You are correct that RFC2821 defines MAIL FROM: as the address to receive
DSN's.  While there is currently no requirement for it to match any other
address in the headers, what I was asking was why _couldn't_ we require it
to match the From: or Sender: header?  In legitimate email, it very often
does match one of these headers.  I was trying to think of a legitimate case
where it would need to be a different address, and I can't think of any.  If
we could require this, an SPF pass on the first hop would mean a lot more
than it currently does.

The new spf using RFROM and the PRD concept makes the problem of the
MAIL FROM return-path not matching the From or Sender headers
irrelevant, because if the return-path doesn't match the PRD, the sender
will use an RFROM that does match, or risk the message being
new-spf-rejected.

But there's no reason such a mismatch has to be considered bad, and it
can be useful..

For physical mail, the inside of a letter contains an inside return
address--the recipient can use this address for further correspondence
with the sender.

The outside of a letter has a postal return address--the post office
will use this address for postal returns.

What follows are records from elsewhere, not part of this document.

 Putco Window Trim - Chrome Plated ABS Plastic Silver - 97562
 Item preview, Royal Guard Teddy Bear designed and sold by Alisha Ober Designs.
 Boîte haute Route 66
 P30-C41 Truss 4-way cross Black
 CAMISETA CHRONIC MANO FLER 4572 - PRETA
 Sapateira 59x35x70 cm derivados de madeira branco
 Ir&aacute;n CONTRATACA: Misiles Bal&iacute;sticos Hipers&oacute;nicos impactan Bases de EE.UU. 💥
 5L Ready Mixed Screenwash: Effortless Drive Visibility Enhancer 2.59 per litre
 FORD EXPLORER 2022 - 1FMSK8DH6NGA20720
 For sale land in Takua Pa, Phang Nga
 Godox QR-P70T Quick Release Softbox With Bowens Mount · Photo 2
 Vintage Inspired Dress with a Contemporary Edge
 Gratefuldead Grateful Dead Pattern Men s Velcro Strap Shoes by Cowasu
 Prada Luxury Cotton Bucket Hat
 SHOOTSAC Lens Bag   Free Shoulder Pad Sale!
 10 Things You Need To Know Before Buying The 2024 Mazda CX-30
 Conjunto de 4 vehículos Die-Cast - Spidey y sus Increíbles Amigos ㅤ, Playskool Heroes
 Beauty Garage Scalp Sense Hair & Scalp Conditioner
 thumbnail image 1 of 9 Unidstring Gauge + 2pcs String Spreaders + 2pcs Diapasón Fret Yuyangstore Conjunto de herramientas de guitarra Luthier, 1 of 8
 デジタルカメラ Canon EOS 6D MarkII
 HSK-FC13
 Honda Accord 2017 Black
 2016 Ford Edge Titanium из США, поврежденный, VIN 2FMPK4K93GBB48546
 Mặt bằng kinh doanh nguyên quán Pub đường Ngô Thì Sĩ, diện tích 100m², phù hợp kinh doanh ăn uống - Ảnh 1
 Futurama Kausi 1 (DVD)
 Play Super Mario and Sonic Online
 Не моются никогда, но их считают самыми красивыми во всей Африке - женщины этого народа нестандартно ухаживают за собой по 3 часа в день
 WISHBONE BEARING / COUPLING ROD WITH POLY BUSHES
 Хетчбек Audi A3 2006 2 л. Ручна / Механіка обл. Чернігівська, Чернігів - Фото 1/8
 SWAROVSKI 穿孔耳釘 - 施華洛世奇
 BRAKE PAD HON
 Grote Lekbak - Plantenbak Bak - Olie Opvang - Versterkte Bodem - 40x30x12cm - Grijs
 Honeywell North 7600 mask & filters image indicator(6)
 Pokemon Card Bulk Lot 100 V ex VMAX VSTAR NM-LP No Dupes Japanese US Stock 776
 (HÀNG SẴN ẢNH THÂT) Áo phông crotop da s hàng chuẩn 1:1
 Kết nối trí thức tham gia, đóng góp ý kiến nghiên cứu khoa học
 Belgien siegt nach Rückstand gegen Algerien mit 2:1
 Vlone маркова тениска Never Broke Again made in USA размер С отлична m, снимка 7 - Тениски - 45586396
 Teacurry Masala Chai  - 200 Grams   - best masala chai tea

The addresses don't have to match, even though they're (IMHO mistakenly
and implicitly) assumed to match in most any "how to write a business
letter" type of document you might run across.

For a large bulk mailer, it makes sense to have different return
addresses for these sorts of things--postal returns can go to a place
that can handle volumes of return-to-sender mail and fix up addressing
problems, while correspondence returns can go elsewhere.

(And in the case of billing letters, you're likely have even more
addresses--possibly you'll have internally noted "remit payments to" and
"send correspondence to" addresses, but at the very least you'll have
one internal address which may or may not match the external return
address.)

(Oh, and supposing the outside postal return-address differs from the
inside return-address printed in the letterhead, the letterhead may be
pointing to a generic office or group, while the letter is written
so-called "from" a certain person, but typed up and sent (ie, "Sender")
by a secretary.  So that's two different return addresses, and a Sender,
and a From, and none of them match any other.)

For email, the same thing applies.  I may want automated mail system
returns to go to a different address than replies, and if I'm using any
verp-like system, I *can* have a completely different system process
bounces than the system that processes correspondence.

(As a side note, I never thought the fact that preventing this sort of
mismatched set of return addresses would really in fact be a potential
problem until just a few days ago when reading through a debian mailing
list thread.   In that thread, someone objected to SPF on the grounds
that he wanted to send mail from his ISP and with his ISP-provided email
address in the From: body header line, but with bounces and reply-to:'s
going to his personal server elsewhere.  While at the time I wasn't sure
why he'd want to do this, I couldn't convince myself that there was any
real reason for the new SPF to *have to* prevent this, given that RFOM
and the PRD can show this person's account as the responsible sender,
and then you can simply trust him or not as you please.)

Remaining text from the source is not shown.